Kann mir jemand das buchsenmaß für den dämpfer am hauptrahmen sagen ? Die Batterie in meinem Messschieber ist leider leer und hab noch keine neue , möchte mir aber schonmal die buchsen bestellen


----------



## Banshee-Driver (13. Februar 2013)

Ist ein alter zwischenstand , im grunde ist es schon fertig , müssen nur noch die letzten kleinigkeiten gemacht werden


----------



## san_andreas (13. Februar 2013)

Dann mach' hinne ! Das Bild ist ja schon uralt.


----------



## MTB-News.de




----------



## Banshee-Driver (13. Februar 2013)

Muss nur noch leitung hinten kürzen , hinten einen adapter , dämpfer entlüften , dämpferbuchsen für ein auge .... und auf das dekor warte ich seid 2 wochen ... optisch im grunde schon fertig , sieht heiß aus  .... dagegen stinkt mein karpiel langsam ab


----------



## san_andreas (13. Februar 2013)

Das brauchst du dann ja auch nicht mehr ! Bis auf die Gabel kann das dann weg ! ;-)


----------



## Banshee-Driver (13. Februar 2013)

Und dann ? ersetzen durch einen freerider ? Verkaufen ?


----------



## san_andreas (13. Februar 2013)

Hol' dir ein schönes Enduro, die Dinger machen wahnsinnig Spaß. Und ergänzen das DH Bike perfekt.


----------



## Banshee-Driver (13. Februar 2013)

Laufräder könnte ich behalten , tretlager und kurbel auch , etwas kultiges und nicht zu teures gebraucht ... ein tip ?


----------



## san_andreas (13. Februar 2013)

Naja, kultig und nicht zu teuer ? Einfach flexibel sein und immer wieder im Markt schauen.
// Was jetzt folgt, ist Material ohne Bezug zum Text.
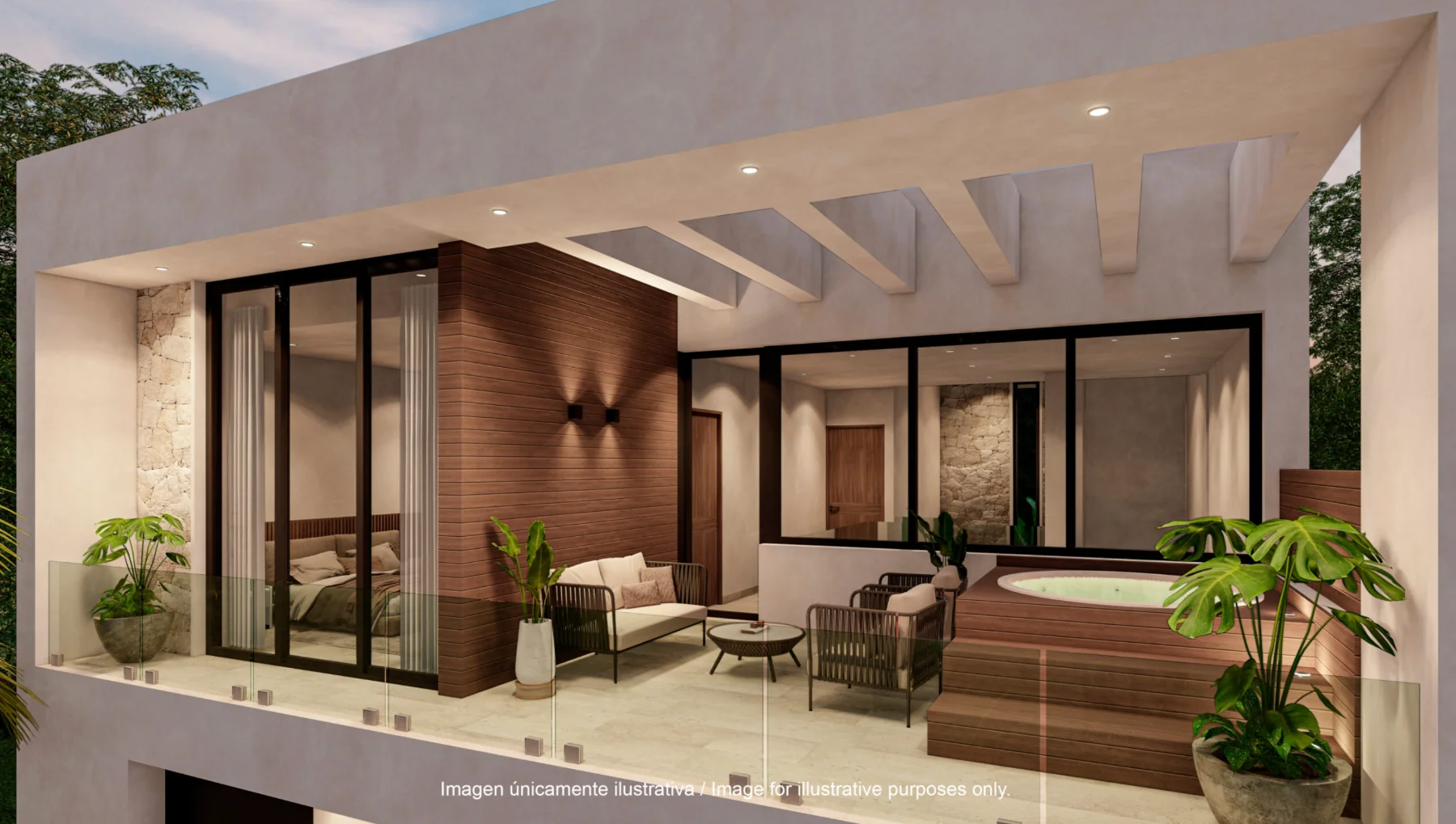 Covered terrace of a Premium Home at Tulum Country Club, sunken jacuzzi on a timber deck, lounge seating and a bedroom opening onto it through sliding glass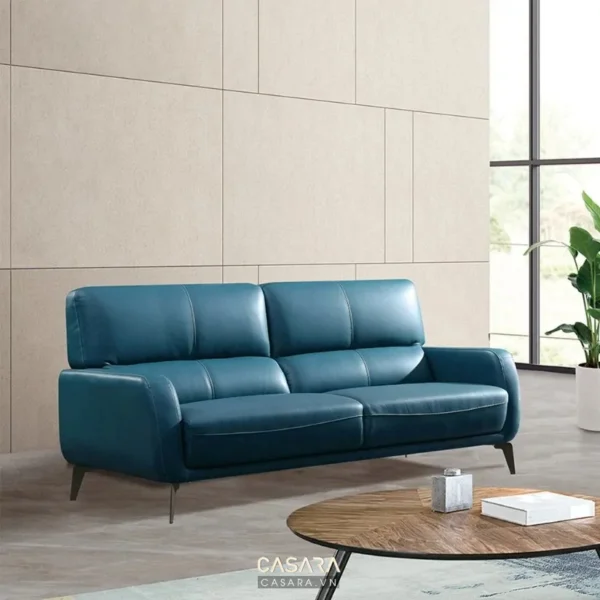 Ghế sofa da xanh dương hiện đại, sang trọng trong không gian phòng khách.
Und vorher das Preislimit festlegen !


----------



## Banshee-Driver (13. Februar 2013)

Das Karpiel werde ich nur schwer los , und das kann ich auf keinen fall verschenken


----------



## Banshee-Driver (13. Februar 2013)

Vor allem muß es so robust sein das ich übergangsweise die monster fahren kann


----------



## Klappenkarl (15. Februar 2013)

Wieso willst den Rahmen denn nun loswerden? 
Welches Maß brauchst du nun, der Abstand zwischen der Aufnahme am Rahmen?


----------



## MTB-News.de




----------



## Banshee-Driver (15. Februar 2013)

JA geNau das maß am Hauptrahmen zwischen den aufnahmen


----------



## Klappenkarl (17. Februar 2013)

Bei mir sind es 33,5 mm , oben wie unten an den Aufnahmen.


----------